The ECOM.xls model that supports the APGC's commission-approved ECOM run in the proceeding under PURA §39.201 shall be used to calculate the capacity auction true-up amount for each year. This will be accomplished by calculating the revised ECOM amount resulting from substituting the capacity auction total price of power for the projected ECOM market prices as included on rows 5, 9, and 13 of the "Prices" worksheet of the ECOM.xls model for 2002 and 2003. The APGC shall also update the fuel expense for 2002 and 2003 based on the actual fuel costs incurred by the APGC. The APGC shall also update the sales for 2002 and 2003 based on the actual system-wide megawatt-hours at the busbar. The difference between this revised ECOM amount and the ECOM amount approved by the commission in the proceeding under PURA §39.201 will be calculated to produce the change in ECOM resulting from use of the capacity auction total price of power for that year.

(j)

True-up of price to beat revenues. This subsection specifies how the forty- percent threshold is calculated and how the price to beat comparison is made.

(1)

An AREP is not required to perform the reconciliation described in PURA §39.262(e) for the residential or small commercial customer class if the commission has determined that the AREP has reached the applicable 40% threshold requirements prior to January 1, 2004, pursuant to filing requirements listed in §25.41(l) of this title (relating to Price to Beat) applicable to that class.

(2)

If an AREP has not reached the applicable 40% threshold requirements prior to January 1, 2004, for either the residential or the small commercial class, or both, the net price to beat for each such class must be compared to the market price of electricity for that class in the TDU region on January 1, 2004 as provided in paragraphs (3) and (4) of this subsection.

(3)

If the 40% consumption threshold has not been reached for the residential class, the utility shall compute the difference between the residential net price to beat and the residential market price of electricity. The difference shall be multiplied by the total kilowatt-hours consumed by residential net price to beat customers of the AREP for the period beginning January 1, 2002 and ending January 1, 2004.

(4)

If the 40% consumption threshold has not been reached for the small commercial class, the utility shall compute the difference between the small commercial net price to beat and the small commercial market price of electricity. The difference shall be multiplied by the total kilowatt-hours consumed by small commercial price to beat customers for the period beginning January 1, 2002 and ending January 1, 2004.

(5)

For each of the residential and small commercial classes, the AREP shall credit the TDU the lesser of the amounts calculated in subparagraphs (A) and (B) of this paragraph:

(A)

$150 multiplied by (the difference between the number of residential or small commercial customers, as applicable, in the TDU Region taking price to beat service from the AREP on January 1, 2004 and the number of residential or small commercial customers, as applicable, outside the TDU region being served by the AREP on January 1, 2004); or

(B)

the total differential between the net price to beat and the market price of electricity calculated for the applicable class under paragraph (3) or (4) of this subsection.

(k)

Regulatory assets. To the extent that any amount of regulatory assets included in a TC or CTC exceeds the amount of regulatory assets approved in a rate order which became effective on or before September 1, 1999, the commission shall conduct a review during the true-up proceeding to determine any such amounts that were not appropriately calculated or that did not constitute reasonable and necessary costs.

(l)

TDU/APGC True-up balance.

(1)

The formula to establish the true-up balance between the TDU and APGC is shown in the following table. TDUs described in subsection (d)(3) of this section and their APGCs shall insert zero for all inputs in this equation except the input entitled "Final fuel balance calculated pursuant to subsection (h)."

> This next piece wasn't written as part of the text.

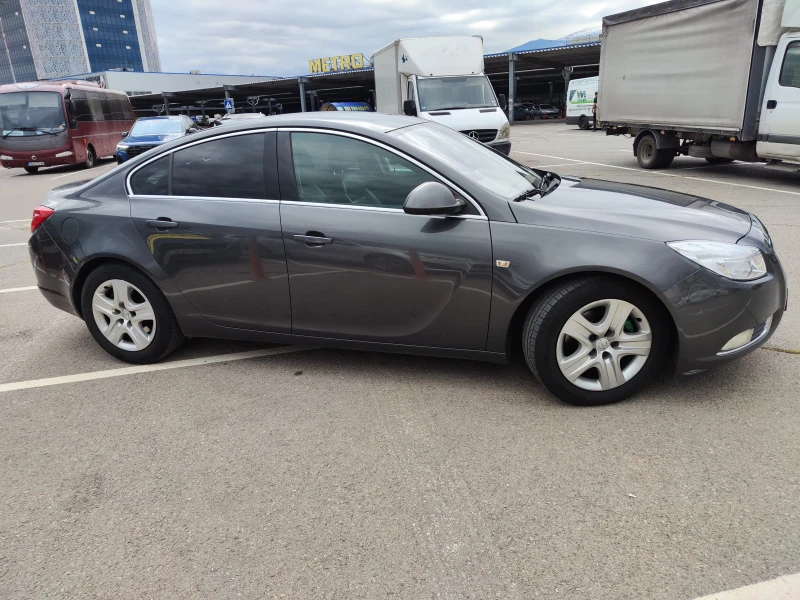 Opel Insignia 1.6 T, снимка 2 - Автомобили и джипове - 52052658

Figure: 16 TAC §25.263(l)(1)

(2)

For TDUs described in subsection (d)(2) of this section, the TDU/APGC true-up balance shall be compared to projected stranded costs as provided in subparagraphs (A) - (C) of this paragraph. For TDUs described in subsection (d)(3) of this section, the TDU/APGC true-up balance shall be treated as provided in subparagraph (D) of this paragraph.

(A)

If the TDU/APGC true-up balance is positive, and greater than projected stranded costs, then the commission shall increase the CTC (or establish a CTC, if no CTC has previously been approved for the utility), extend the time for the collection of the CTC, or both, to enable the TDU to collect the TDU/APGC true-up balance. The utility may seek to securitize any or all of the amounts determined under this subparagraph under PURA Chapter 39, Subchapter G.

(B)

If the TDU/APGC true-up balance is positive, but less than projected stranded costs, then the commission shall reduce non-bypassable delivery rates in the amount of the difference by:

(i)

reducing any CTC established under PURA §39.201;

(ii)

reversing, in whole or in part, the depreciation expense that has been redirected under PURA §39.256;

(iii)

reducing the TDU's rates; or

(iv)

any combination of clauses (i), (ii), and (iii) of this subparagraph.

(C)

If the TDU/APGC true-up balance is negative, then

(i)

any CTC established under PURA §39.201 shall be eliminated;

(ii)

net mitigation shall be reversed until exhausted or until a zero true-up balance is achieved, and the amount of net mitigation reversed shall be returned to ratepayers by the APGC through an excess mitigation credit; and

(iii)

if net mitigation is exhausted and some amount of the negative true- up balance remains, then a negative CTC shall be established based upon the lesser of the absolute value of the remaining negative true-up balance or the securitization amount on which any TCs are based.

(D)

If the TDU/APGC true-up balance is positive, then a CTC shall be imposed to enable the APGC to recover any positive fuel balance. If the TDU/APGC true-up balance is negative, then a fuel credit shall be implemented to return the over-recovered fuel balance to ratepayers.

(3)

The TDU shall be allowed to recover, or shall be liable for, carrying costs on the true- up balance. Carrying costs shall be calculated using the utility's cost of capital established in the utility's UCOS proceeding, and shall be calculated for the period of time from the date of the true-up final order until fully recovered.

(m)

TDU/AREP true-up balance. The TDU shall bill the AREP for, and the AREP shall remit to the TDU, the amount calculated pursuant to subsection (j) of this section, plus carrying costs. Carrying costs shall be calculated using the utility's cost of capital established in the utility's UCOS proceeding, and shall be calculated for the period of time from the date of the true-up final order until fully recovered. The commission may reduce the TDU's rates to reflect the amounts due from the AREP.

(n)

Rate case subsequent to the true-up proceeding.

(1)

The TDU shall file an application to adjust its rates within 60 days following the issuance of a final, appealable order on its true-up proceeding. In the rate case, the commission shall adjust the TDU's rates and any CTC approved in the true-up proceeding, and allocate the recovery responsibility for such rates and any CTC to the TDU's customer classes.

(2)

In the rate case, the commission shall also consider adopting remittance standards, if necessary, with respect to the credits or bills as among the TDU, the APGC and the AREP.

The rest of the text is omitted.